#### PROBLEM:
Use the entries below and reproduce exactly the lines from the one containing "volkswagen-tiguan-2-0-tdi - 9" down to the one containing "MAN Kipphydraulik für Schüttguttransporte", both of them included.

[Stored entries]
"""

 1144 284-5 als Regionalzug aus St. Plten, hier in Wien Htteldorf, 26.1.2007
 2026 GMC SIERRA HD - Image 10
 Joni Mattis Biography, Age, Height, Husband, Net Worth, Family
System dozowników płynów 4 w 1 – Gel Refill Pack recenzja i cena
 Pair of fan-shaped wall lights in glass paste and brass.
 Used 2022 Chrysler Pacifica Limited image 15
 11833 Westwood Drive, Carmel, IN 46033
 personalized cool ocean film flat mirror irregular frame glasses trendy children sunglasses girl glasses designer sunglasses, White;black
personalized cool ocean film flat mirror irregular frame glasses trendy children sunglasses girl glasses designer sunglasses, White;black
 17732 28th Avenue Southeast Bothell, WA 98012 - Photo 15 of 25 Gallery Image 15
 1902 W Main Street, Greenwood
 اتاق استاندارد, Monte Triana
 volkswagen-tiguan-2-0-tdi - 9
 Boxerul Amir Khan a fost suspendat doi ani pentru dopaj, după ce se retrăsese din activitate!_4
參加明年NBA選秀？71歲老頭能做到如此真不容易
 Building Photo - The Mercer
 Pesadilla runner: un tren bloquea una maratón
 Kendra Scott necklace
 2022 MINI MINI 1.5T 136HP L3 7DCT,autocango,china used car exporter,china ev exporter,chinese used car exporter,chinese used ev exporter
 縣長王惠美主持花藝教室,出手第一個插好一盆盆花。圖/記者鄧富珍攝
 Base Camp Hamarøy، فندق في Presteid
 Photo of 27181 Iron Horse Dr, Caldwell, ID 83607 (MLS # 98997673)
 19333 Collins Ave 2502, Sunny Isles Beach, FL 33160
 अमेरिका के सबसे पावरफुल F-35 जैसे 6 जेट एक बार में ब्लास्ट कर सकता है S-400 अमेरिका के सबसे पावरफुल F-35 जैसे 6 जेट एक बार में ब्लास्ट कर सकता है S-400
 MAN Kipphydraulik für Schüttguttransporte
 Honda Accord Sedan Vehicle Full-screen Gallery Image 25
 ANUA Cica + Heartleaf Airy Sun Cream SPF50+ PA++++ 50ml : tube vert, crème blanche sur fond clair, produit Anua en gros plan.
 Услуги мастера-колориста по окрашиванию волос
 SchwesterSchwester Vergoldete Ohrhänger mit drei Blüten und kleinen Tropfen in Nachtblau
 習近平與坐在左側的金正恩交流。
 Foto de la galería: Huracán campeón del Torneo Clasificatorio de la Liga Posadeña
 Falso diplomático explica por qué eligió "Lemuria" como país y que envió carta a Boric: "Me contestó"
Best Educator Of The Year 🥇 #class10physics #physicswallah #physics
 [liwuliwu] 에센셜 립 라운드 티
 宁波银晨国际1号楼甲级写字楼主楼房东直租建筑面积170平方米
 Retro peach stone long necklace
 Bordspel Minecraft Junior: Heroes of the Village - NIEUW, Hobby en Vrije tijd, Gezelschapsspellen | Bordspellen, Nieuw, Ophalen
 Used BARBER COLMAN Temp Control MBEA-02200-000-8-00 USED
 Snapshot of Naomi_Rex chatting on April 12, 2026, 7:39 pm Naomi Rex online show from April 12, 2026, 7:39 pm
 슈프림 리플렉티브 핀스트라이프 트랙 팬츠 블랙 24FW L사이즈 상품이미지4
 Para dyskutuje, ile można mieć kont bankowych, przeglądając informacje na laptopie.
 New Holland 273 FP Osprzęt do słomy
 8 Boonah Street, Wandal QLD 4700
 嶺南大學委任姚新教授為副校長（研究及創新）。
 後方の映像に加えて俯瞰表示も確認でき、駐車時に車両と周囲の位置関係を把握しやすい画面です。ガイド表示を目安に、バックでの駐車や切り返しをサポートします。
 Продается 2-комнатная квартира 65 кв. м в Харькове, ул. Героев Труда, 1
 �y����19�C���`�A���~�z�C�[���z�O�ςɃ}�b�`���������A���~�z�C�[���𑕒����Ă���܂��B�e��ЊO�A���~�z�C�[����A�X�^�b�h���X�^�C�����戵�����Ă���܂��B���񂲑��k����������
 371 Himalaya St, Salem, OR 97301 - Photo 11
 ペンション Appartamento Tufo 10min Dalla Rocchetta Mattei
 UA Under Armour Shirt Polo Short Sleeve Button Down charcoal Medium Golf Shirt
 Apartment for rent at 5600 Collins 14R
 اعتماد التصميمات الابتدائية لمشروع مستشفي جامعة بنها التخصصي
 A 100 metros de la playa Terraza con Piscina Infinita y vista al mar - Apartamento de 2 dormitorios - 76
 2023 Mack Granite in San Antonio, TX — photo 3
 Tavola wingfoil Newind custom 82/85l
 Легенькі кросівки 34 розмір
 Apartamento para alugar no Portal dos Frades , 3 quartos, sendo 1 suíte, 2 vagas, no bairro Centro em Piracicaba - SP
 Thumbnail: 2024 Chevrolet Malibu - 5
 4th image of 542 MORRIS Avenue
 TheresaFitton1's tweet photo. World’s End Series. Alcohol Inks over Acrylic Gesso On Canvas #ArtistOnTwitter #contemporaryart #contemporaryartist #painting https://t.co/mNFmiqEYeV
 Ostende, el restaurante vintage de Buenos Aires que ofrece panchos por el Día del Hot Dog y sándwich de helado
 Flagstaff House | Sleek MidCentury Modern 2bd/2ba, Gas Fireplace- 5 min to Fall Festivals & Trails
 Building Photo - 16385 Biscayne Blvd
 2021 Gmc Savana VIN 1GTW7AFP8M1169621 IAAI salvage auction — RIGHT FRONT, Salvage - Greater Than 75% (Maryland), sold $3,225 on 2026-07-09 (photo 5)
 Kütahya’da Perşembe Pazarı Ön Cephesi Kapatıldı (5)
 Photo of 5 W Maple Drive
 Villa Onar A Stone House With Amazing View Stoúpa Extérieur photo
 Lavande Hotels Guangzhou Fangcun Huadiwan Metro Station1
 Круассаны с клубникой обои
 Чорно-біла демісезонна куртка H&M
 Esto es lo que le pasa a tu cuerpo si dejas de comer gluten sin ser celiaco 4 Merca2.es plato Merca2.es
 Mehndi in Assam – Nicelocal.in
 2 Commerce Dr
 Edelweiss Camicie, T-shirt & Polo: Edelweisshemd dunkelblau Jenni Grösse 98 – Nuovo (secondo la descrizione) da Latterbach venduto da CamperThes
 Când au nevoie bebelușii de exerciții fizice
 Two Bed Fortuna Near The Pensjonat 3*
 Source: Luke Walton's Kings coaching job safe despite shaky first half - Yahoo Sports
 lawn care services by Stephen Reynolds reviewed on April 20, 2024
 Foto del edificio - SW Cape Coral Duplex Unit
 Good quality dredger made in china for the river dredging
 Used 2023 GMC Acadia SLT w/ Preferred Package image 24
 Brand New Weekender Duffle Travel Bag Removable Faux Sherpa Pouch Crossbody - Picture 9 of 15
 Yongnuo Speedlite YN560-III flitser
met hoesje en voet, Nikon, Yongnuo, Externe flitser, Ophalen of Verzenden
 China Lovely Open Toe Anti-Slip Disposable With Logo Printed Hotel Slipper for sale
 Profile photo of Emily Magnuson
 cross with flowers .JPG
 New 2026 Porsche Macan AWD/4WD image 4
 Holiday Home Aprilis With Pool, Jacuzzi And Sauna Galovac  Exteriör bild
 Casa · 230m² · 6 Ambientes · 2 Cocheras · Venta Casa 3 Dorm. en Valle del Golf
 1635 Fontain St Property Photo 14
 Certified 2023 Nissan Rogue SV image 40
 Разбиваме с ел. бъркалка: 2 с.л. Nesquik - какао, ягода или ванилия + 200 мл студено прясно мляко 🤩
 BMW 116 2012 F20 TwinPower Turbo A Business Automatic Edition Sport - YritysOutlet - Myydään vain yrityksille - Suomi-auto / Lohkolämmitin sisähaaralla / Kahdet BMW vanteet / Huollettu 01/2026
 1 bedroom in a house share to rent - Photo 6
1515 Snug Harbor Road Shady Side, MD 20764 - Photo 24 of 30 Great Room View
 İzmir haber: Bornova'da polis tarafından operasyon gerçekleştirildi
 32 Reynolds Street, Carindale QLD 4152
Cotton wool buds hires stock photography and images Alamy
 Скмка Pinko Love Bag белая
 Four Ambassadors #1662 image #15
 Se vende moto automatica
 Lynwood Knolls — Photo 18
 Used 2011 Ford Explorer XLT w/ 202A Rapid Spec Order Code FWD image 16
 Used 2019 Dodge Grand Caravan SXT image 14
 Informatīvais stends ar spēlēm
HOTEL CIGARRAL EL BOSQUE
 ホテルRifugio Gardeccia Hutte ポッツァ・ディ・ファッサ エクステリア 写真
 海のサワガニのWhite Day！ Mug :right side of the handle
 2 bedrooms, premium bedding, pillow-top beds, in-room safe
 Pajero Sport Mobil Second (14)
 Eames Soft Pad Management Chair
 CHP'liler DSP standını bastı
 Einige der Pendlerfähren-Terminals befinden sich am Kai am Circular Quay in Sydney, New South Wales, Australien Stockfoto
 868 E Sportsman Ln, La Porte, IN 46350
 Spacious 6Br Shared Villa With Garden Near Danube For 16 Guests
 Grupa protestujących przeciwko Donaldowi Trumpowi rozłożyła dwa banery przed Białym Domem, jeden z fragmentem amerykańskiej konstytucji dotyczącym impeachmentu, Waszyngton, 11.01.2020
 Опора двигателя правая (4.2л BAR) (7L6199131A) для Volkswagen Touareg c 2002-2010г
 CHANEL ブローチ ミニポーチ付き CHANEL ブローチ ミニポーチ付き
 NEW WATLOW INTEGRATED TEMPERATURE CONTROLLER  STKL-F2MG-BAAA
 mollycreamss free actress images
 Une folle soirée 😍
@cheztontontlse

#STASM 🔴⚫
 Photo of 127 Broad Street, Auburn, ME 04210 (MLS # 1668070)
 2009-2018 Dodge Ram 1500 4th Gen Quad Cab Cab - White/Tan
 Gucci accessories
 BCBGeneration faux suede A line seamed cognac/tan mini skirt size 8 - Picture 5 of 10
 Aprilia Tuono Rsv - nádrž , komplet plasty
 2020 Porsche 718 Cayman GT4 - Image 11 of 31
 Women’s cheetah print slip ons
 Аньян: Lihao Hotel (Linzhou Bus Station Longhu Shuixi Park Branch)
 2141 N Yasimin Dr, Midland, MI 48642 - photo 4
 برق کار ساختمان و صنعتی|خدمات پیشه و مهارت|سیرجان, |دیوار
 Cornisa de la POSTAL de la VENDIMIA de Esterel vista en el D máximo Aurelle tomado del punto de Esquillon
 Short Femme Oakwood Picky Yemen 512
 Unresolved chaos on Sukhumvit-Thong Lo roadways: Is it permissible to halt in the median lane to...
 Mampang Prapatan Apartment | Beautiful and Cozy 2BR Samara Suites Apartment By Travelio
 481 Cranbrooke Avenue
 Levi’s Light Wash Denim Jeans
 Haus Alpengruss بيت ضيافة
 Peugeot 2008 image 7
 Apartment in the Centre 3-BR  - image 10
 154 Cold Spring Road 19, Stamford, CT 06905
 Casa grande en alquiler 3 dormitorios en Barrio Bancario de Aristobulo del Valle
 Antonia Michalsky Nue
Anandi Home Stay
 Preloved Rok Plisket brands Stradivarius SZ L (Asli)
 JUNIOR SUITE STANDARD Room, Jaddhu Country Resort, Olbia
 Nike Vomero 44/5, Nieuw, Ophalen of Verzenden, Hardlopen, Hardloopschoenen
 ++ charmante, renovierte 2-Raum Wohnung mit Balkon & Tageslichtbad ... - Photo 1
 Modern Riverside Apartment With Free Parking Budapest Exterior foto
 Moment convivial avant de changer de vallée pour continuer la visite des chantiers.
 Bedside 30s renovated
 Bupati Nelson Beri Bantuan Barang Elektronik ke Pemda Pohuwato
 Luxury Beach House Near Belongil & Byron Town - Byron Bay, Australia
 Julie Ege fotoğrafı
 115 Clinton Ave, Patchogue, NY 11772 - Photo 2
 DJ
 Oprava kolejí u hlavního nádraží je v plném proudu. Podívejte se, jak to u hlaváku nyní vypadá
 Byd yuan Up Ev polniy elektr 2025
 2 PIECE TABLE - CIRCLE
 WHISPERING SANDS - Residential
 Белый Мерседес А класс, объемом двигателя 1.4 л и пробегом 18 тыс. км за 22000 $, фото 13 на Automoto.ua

"""

#### TASK RESPONSE:
 volkswagen-tiguan-2-0-tdi - 9
 Boxerul Amir Khan a fost suspendat doi ani pentru dopaj, după ce se retrăsese din activitate!_4
參加明年NBA選秀？71歲老頭能做到如此真不容易
 Building Photo - The Mercer
 Pesadilla runner: un tren bloquea una maratón
 Kendra Scott necklace
 2022 MINI MINI 1.5T 136HP L3 7DCT,autocango,china used car exporter,china ev exporter,chinese used car exporter,chinese used ev exporter
 縣長王惠美主持花藝教室,出手第一個插好一盆盆花。圖/記者鄧富珍攝
 Base Camp Hamarøy، فندق في Presteid
 Photo of 27181 Iron Horse Dr, Caldwell, ID 83607 (MLS # 98997673)
 19333 Collins Ave 2502, Sunny Isles Beach, FL 33160
 अमेरिका के सबसे पावरफुल F-35 जैसे 6 जेट एक बार में ब्लास्ट कर सकता है S-400 अमेरिका के सबसे पावरफुल F-35 जैसे 6 जेट एक बार में ब्लास्ट कर सकता है S-400
 MAN Kipphydraulik für Schüttguttransporte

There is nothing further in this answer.